Molina continued in the letter, “When I heard about the bravery and selflessness of this beautiful, 9-year-old boy, I could not help but think, what can I do … what can the law enforcement community do to honor Eduardo’s heroism and resiliency; how can the law enforcement community show support to this young vibrant hero?”

She put out a call for department memorabilia.

Patches started pouring in, first from departments in the Boston area, then Massachusetts, then from all over — Wisconsin, Kentucky, Florida. Some 50 police departments and sheriff’s offices responded with T-shirts, commemorative coins, caps, stickers and other memorabilia.

The university Police Department chipped in for an iPad, embossed with Eduardo’s name on the back. With Vitela’s permission, two officers flew to El Paso with a suitcase full of gifts and rode over to Vitela and Eduardo’s home in a caravan of El Paso police units.

El Paso Police Department Officer Alex Dominguez accompanied the Boston officers.

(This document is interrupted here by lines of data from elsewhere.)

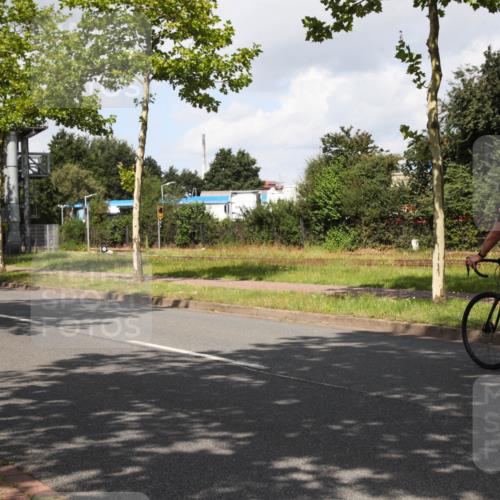 10.08.2025 - GEWOBA Citytriathlon Bremen Yannick Fuchs http://msf.ph/oto/8561520 10.08.2025 12:17:56 Radfahren 553, 560, 566, 741, 765, 794, 867, 933, 966, 977, 1025 meine-sportfotos.de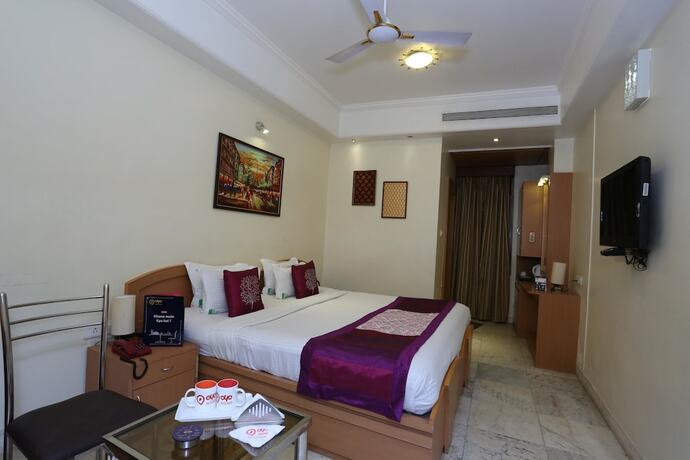 Imagen de la habitación del Hotel Paras, Jabalpur. Foto 19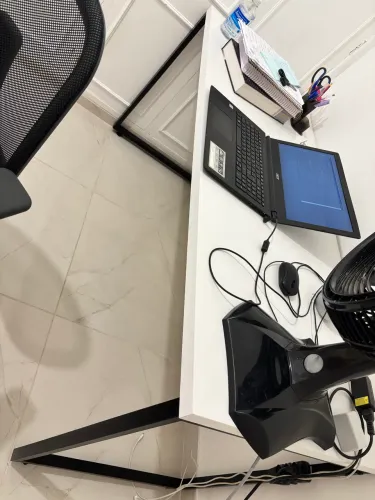 Escrivaninha industrial 150 x 60 x 75 cm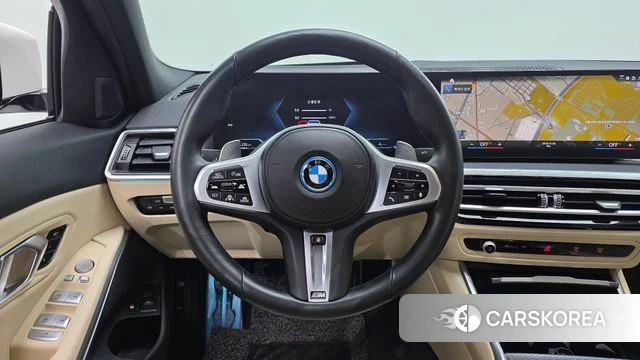 BMW 3 Series (G20) 2023 Белый из Кореи, фото 5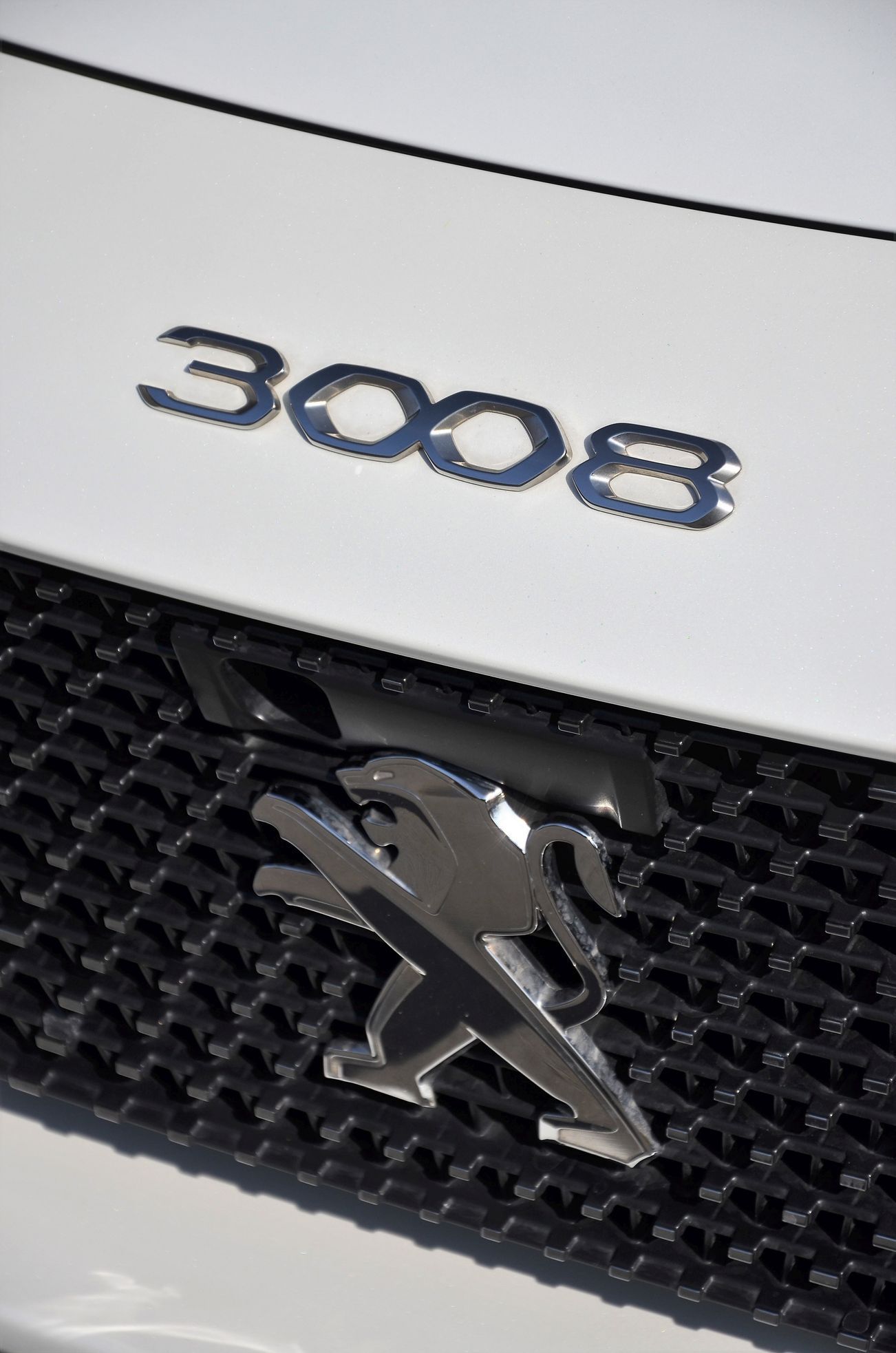 Peugeot 3008 Hybrid 2020 2021
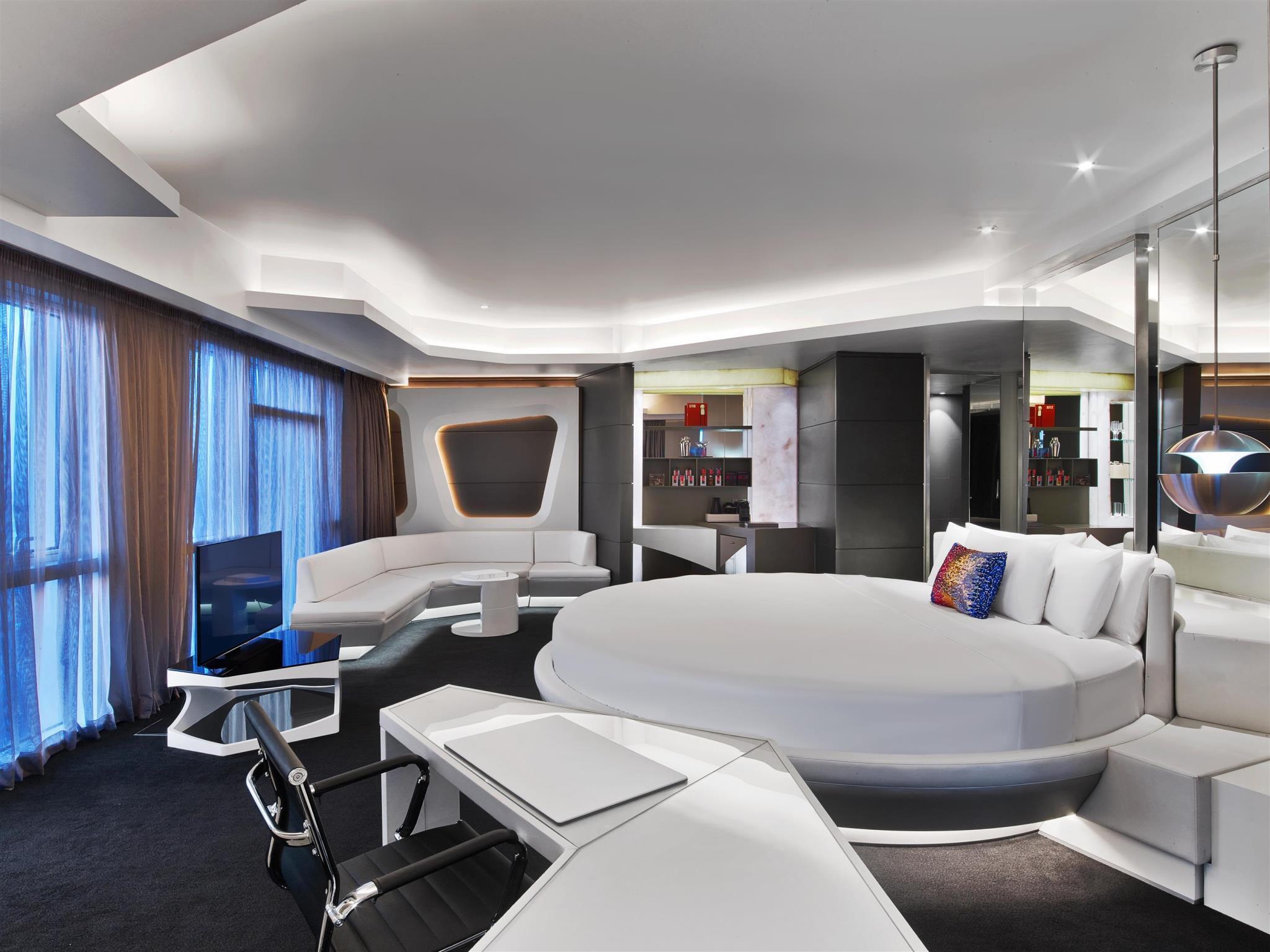 V Hotel Dubai Curio Collection by Hilton 写真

“Being so heroic in such a dire time shows me that when some would respond with either fight, flight or freeze, he innately had the perfect police response and saved his mother’s life,” Dominguez said. “His desire to save more lives and become a cop is very noble.”

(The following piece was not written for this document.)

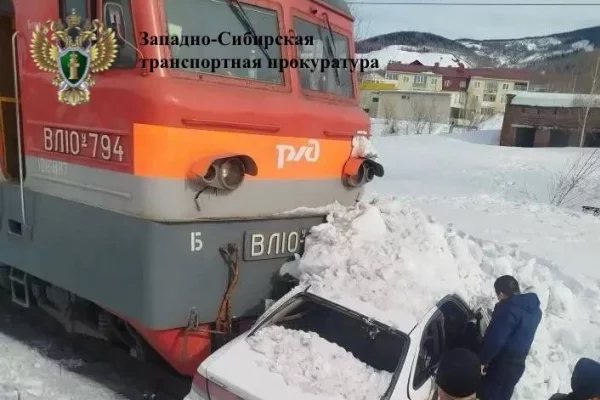В Кузбассе легковой автомобиль столкнулся с грузовым поездом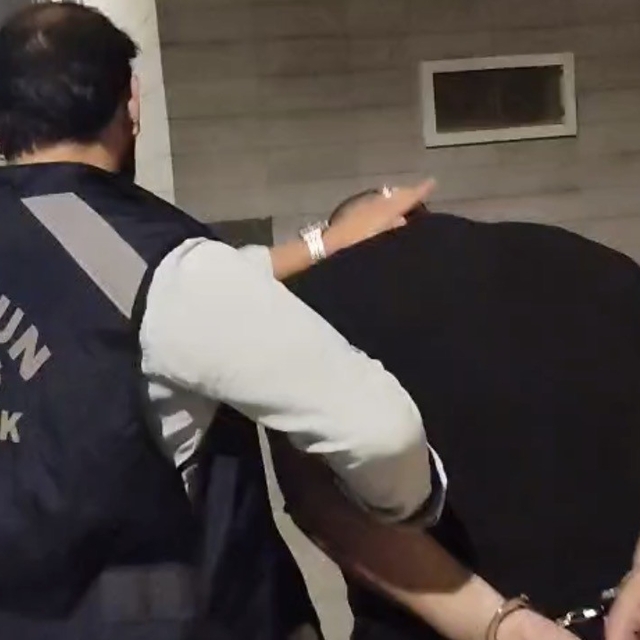 8 yıl 4 ay hapis cezasıyla aranan uyuşturucu hükümlüsü yakalandı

Eduardo — now 10 years old —got to sit in a police car, flash the lights and talk into the radio.

“I felt so happy,” he said, rummaging through the suitcase of memorabilia on a recent evening at his home.

There were frijoles on the stove and an artificial Christmas tree in a corner. The family Pomeranian had just given birth to four pups days before. Life was moving on.

Mother and son are both still dealing with the fallout — anxiety, nightmares.

“We don’t talk about it anymore,” Vitela said.

But Molina calls every Friday to check on her and catch up. And Eduardo holds on to the dream he has had since he was a boy.

Only now he thinks he might want to work for the police force in Boston.

“If he wants to be a police officer,” Molina said, “we’re going to be there supporting him.”